La posizione di Grassi e Alessi, nonché quella di Cugliari

Ancora diversa è la posizione espressa dalla Democrazia cristiana che si riconosce nella segreteria di Renato Grassi (eletto dal XIX congresso celebrato nel 2018) e che ha come vicesegretario Alberto Alessi (già parlamentare e figlio di Giuseppe Alessi, presso il cui studio nacque la Dc, scudo crociato incluso). In effetti non si parla di partecipazioni elettorali da parte di quel gruppo, ma Alessi ha sempre contestato la legittimità di ogni progetto politico ed elettorale portato avanti in nome della Dc da parte degli altri gruppi, in particolare da quello che si riconosce in Nino Luciani (e in quello di Angelo Sandri): rivendica infatti come il congresso del 2018 - al netto delle contestazioni che hanno preso la via della revoca o dell'autoannullamento - non sia mai stato annullato o dichiarato nullo da un giudice, dunque si debba considerare pienamente valido ed efficace. 
Non si esclude in ogni caso che qualcosa si muova sul piano elettorale anche da quelle parti: è alla Dc-Grassi, infatti, che si riconduce l'azione capillare di Salvatore Totò Cuffaro in Sicilia, che avrebbe convinto molti amministratori locali ad aderire al progetto politico di Grassi. Nel frattempo, anche la Dc-Grassi ha dichiarato il proprio sostegno ai referendum sulla giustizia giusta, raccogliendo firme insieme al Partito radicale e alla Lega (nonché all'Udc, a Fi, al Psi e al Nuovo Psi).
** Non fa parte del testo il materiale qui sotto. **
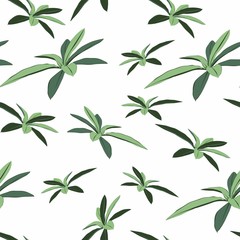 Nature seamless pattern. Hand drawn tropical summer background: exotic green leaves. White background.	
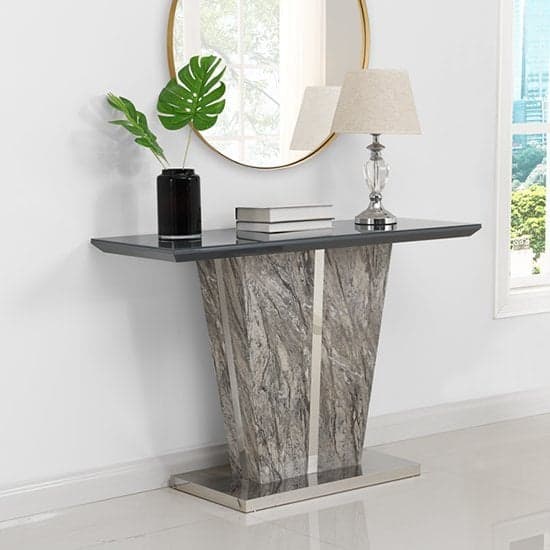 Cortina Melange Marble Effect Glass Top High Gloss Console Table In Grey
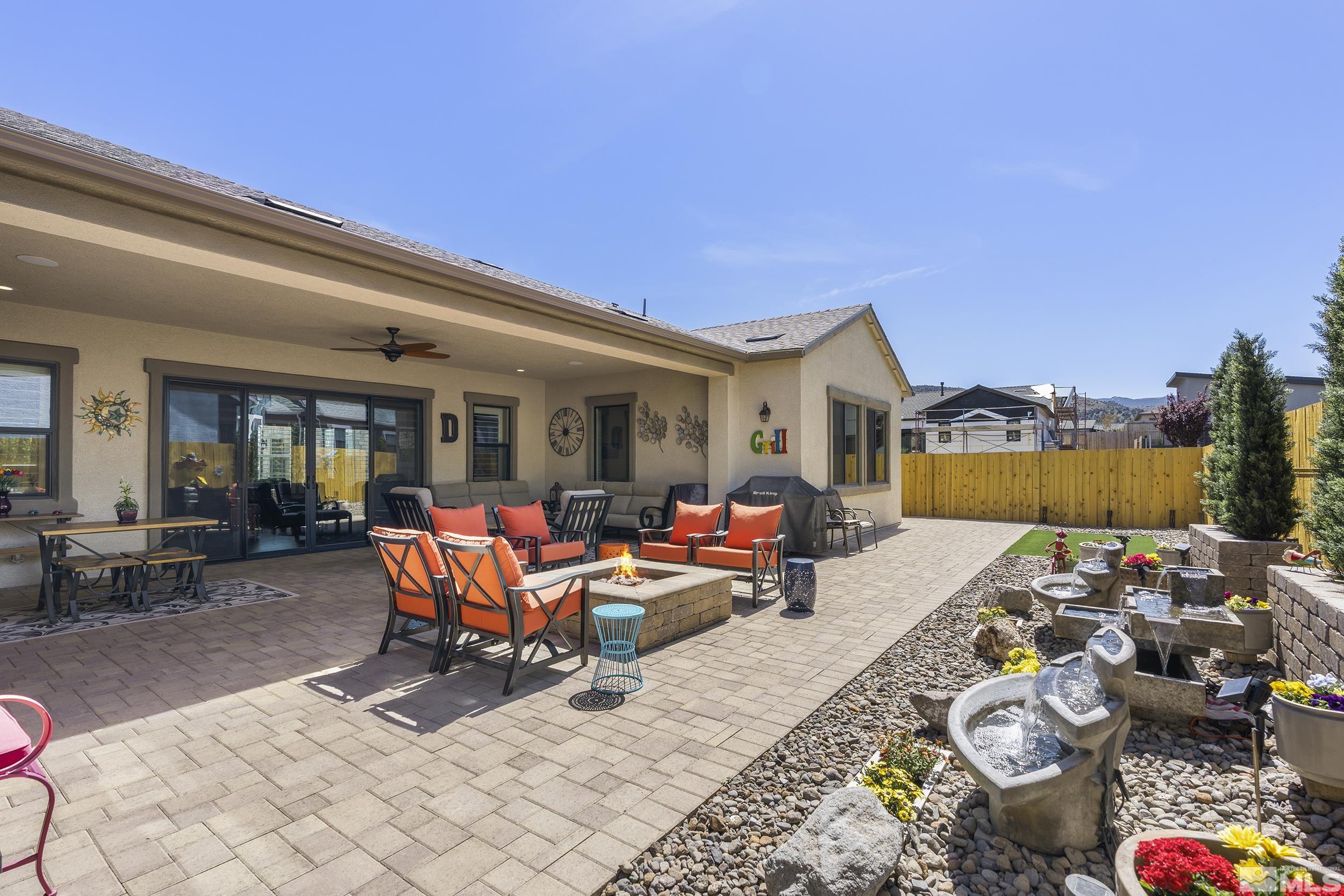 a outdoor space with furniture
Da ultimo, giusto per completare (e complicare) il quadro, ha annunciato di avere quasi completato la preparazione della lista della Dc a Milano - nella coalizione che sostiene il candidato sindaco del centrodestra Luca Bernardo - Emilio Cugliari, a sua volta presidente (facente funzione) della Dc, eletto dopo che alcuni soci del partito a luglio dell'anno scorso avevano contestato il modo di procedere di Luciani sfiduciandolo (atto ovviamente non riconosciuto da Luciani); in quella Dc si riconosce anche Raffaele Lisi.
Difficile dunque, per ora, sapere quali e quante Democrazie cristiane presenteranno liste e quante di queste saranno effettivamente ammesse (e con quali simboli). Il deposito delle candidature è previsto tra il 3 e il 4 settembre: occorre aspettare ancora un mese per avere notizie certe. Nel frattempo, con la fantasia ci si può sbizzarrire e immaginare anche quattro varianti di scudi crociati. O, all'opposto, un unico scudo crociato usato da quattro soggetti diversi, almeno fino al giudizio delle competenti commissioni elettorali.